Multithreading VS Multiprocessing in Python

Revealing the true face of Multithreading

In this article, I will try to discuss some misconceptions about Multithreading and explain why they are false.
All experiments are conducted on a machine with 4 cores (EC2 c5.xlarge).

Pythons enjoying a nice thread-pool party.

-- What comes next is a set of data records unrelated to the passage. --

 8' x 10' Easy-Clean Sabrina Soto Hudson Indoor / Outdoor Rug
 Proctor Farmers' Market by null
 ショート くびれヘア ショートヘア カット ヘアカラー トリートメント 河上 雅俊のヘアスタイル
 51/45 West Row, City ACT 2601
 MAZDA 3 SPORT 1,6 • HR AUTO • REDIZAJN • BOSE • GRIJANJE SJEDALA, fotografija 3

I’ve been dealing with parallelism in python for quite a while, and I was constantly reading articles and stackoverflow threads in order to improve my understanding of the subject. Normally the more you search the more you learn. However in the case of multithreading/multiprocessing, the more I searched the more I got confused. Here’s an example:

While the first part of the answer is correct, the last is completely false.
I’m not attacking the person who wrote the answer, on the contrary: I have the upmost respect for anyone who tries to help other people. I only used this example to show that some explanations about multithreading can be misleading. Moreover, some other explanations employ advanced terms and could make things harder than they really are not.

⚠️ PS: I’ll try to keep things simple: so no talking about GIL, Memory, Pickling, Overhead. (Although I’ll speak about overhead just a little bit).

Let’s start!

Multiprocessing and Multithreading are basically the same thing.

❌ FALSE !

[Link the whole experiment code]

I’m going to start with a simple experiment and I will borrow the code from this article written by Brendan Fortuner which is a great read by the way.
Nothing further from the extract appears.